Isabelle Huppert © Wild Bunch Distribution
On sait mes faibles dispositions à endurer les gesticulations de Mme Huppert. Sa rencontre en Sainte Trinité avec Claire Denis, Marie Ndiaye laissait présager le pire. La presse était respectueuse, sans enthousiasme, micro tendu sans évanouissement, ni pâmoison. On allait voir. Disons le d’emblée : ce « White material » – étrangement déjà le nom du projet que Claire Denis préparait avec Bernard-Marie Koltès avant sa mort – est à tout le moins sensationnel. Claire Denis signe son film le plus intéressant depuis plusieurs années. Sans manière, sans explication, sans afféterie stylistique, sans pose. Le coeur de l’Afrique bat, coule dans les veines de ce film et les acteurs, toujours délicatement mis en « condition », en sont la pulsation visible. Huppert, d’abord, Huppert d’accord mais aussi le furieux Nicolas Duvauchelle en fils de famille flingué, Christophe Lambert en pleine résurrection, Michel Subor comme échappé d’un « Apocalypse Now » africain.

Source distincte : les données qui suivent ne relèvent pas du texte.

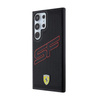 Ferrari Big SF Perforated - Samsung Galaxy S24 Ultra Case (black)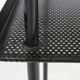 Fifties bed side table by Wim Rietveld for Auping Holland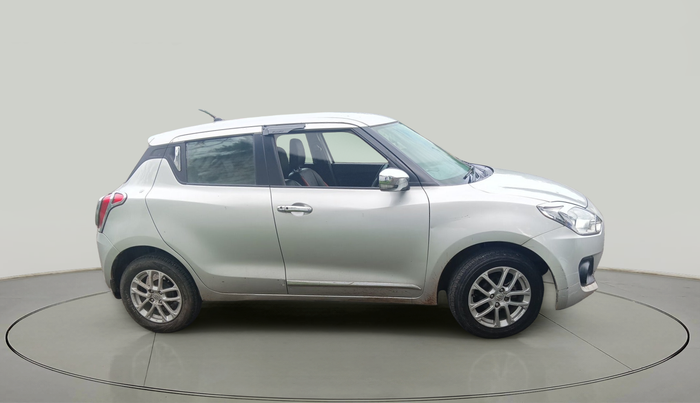2018 Maruti Swift ZDI AMT, Diesel, Automatic, 96,236 km, exterior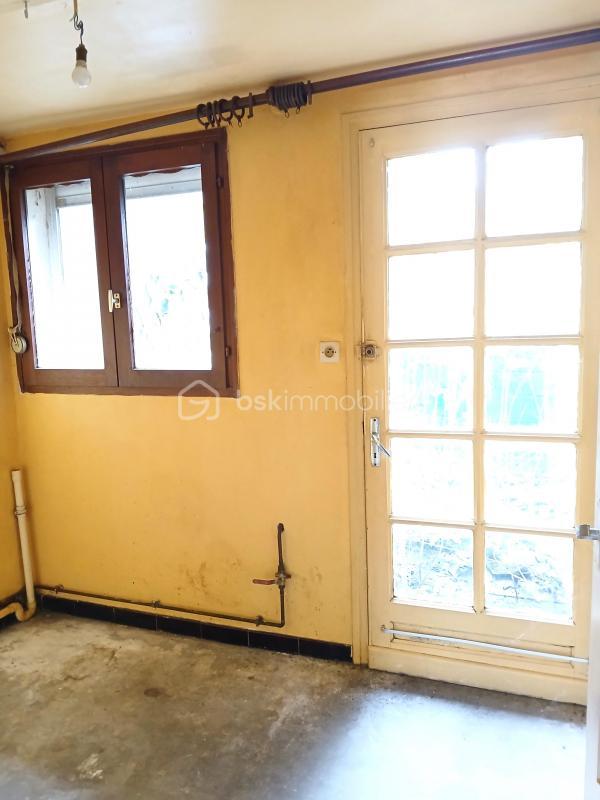 Maison de ville - 77 m² - 5 pièces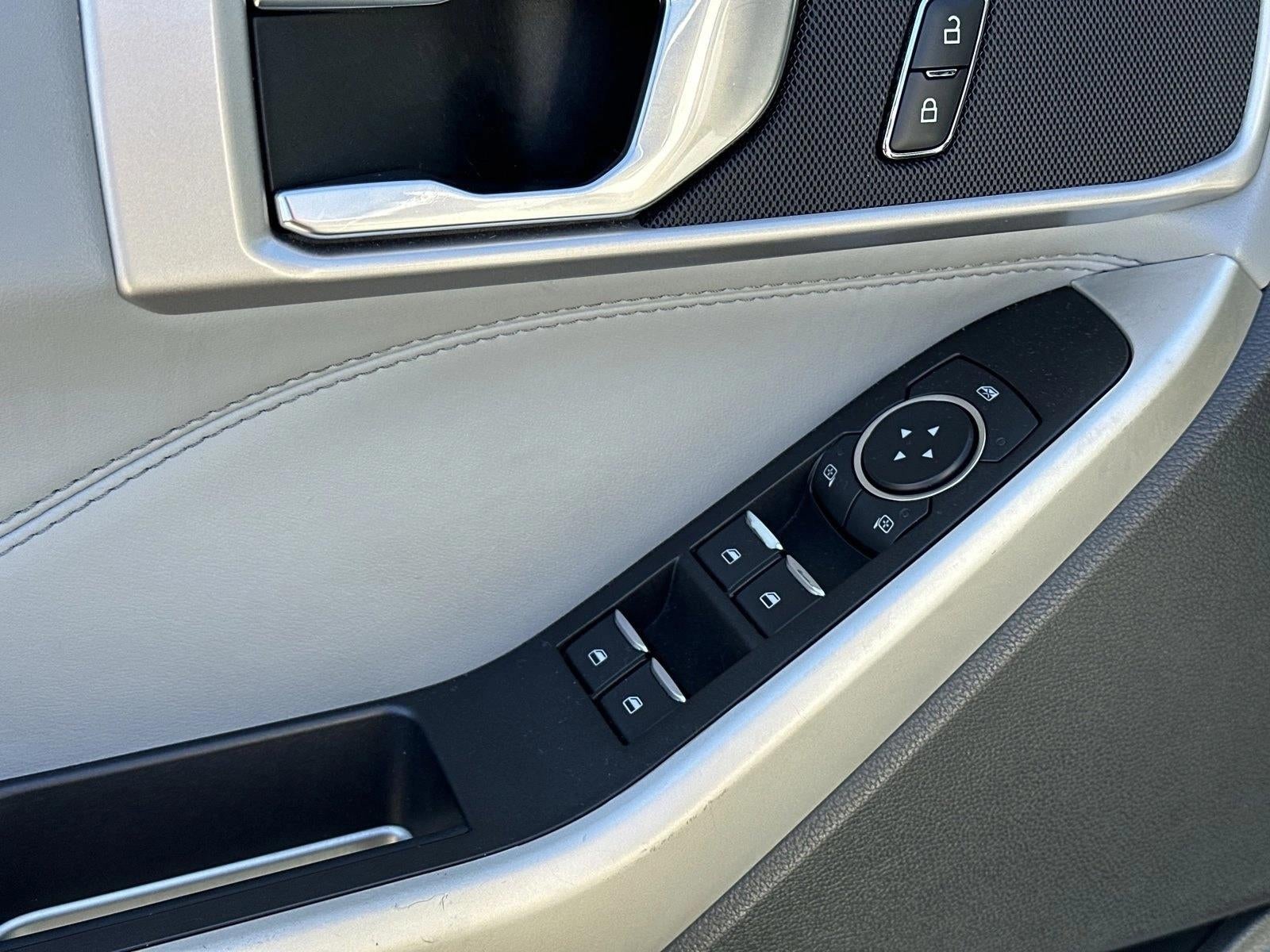 2021 Ford Explorer XLT RWD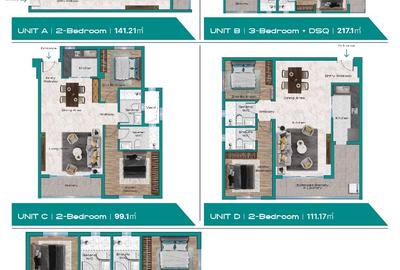 Serviced 1 Bed Apartment with En Suite in Ngong Road - 4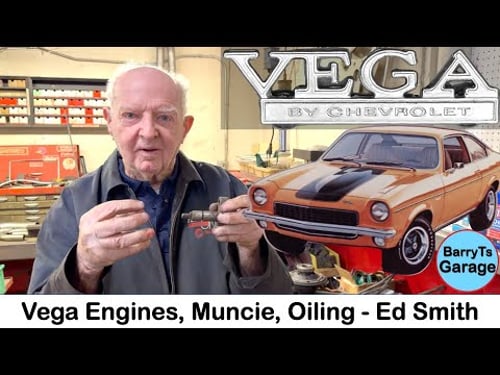 Pickle Fork, Rock Crusher Muncie, Flathead Fixes & Shop Wisdom - Ed Smith w #barryt #muncie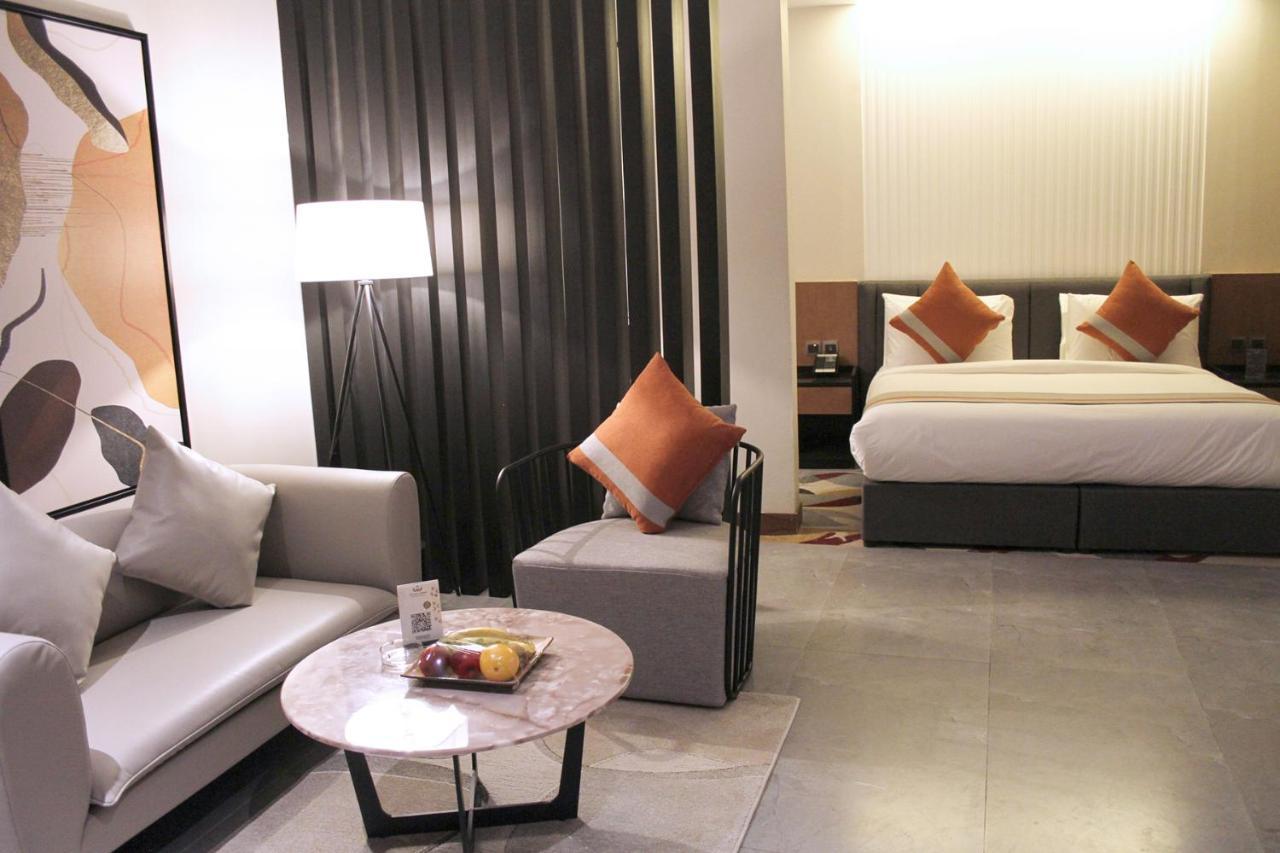 Al Muhaidb Residence Jawazat Riyad Extérieur photo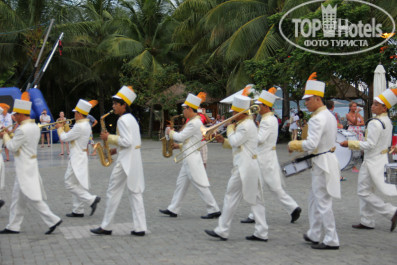 Saigon Ninh Chu 4* Винперл - Фото отеля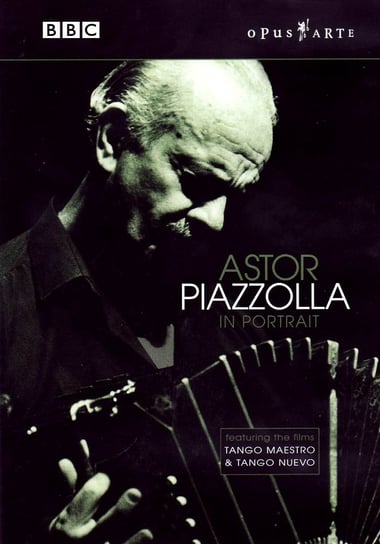 In Portrait Piazzolla Astor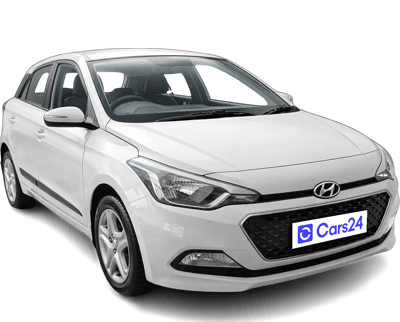 2017 Hyundai Elite i20 - Hatchback - Petrol - Manual - ₹4.00 lakh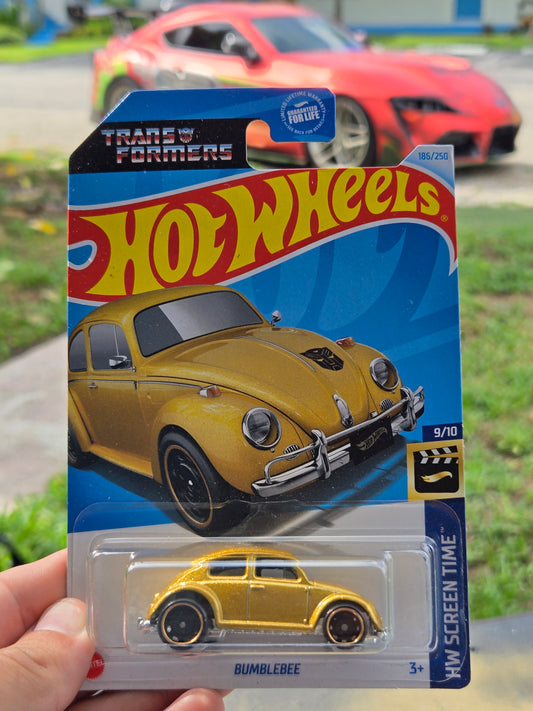 Bumblebee gold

Quelque part en Afrique, dans une région en proie à la guerre civile, Maria refuse d’abandonner sa plantation de café avant la fin de la récolte. Terre rouge d’Afrique, comme sentier de guerre et de résistance, hommes et femmes en rebélllion, armés jusqu’aux dents, tête de mouton égorgé qu’on jette dans les sacs de café en signe de défiance, métamorphose canine. Naissance d’un Afrique fantôme. Le domaine est bientôt la proie des flammes. Il faut fuire. Dans cette fuite, les réminiscences d’une vie de labeur, un goût du travail sur cette terre fragile forment un superbe chant funèbre, un adieu à l’Afrique d’une femme, à jamais bouleversée par ce continent.
White material, un film de Claire Denis, avec Isabelle Huppert, Nicolas Duvauchelle, Christophe Lambert, Isaach de Bankolé. En salles (1h42).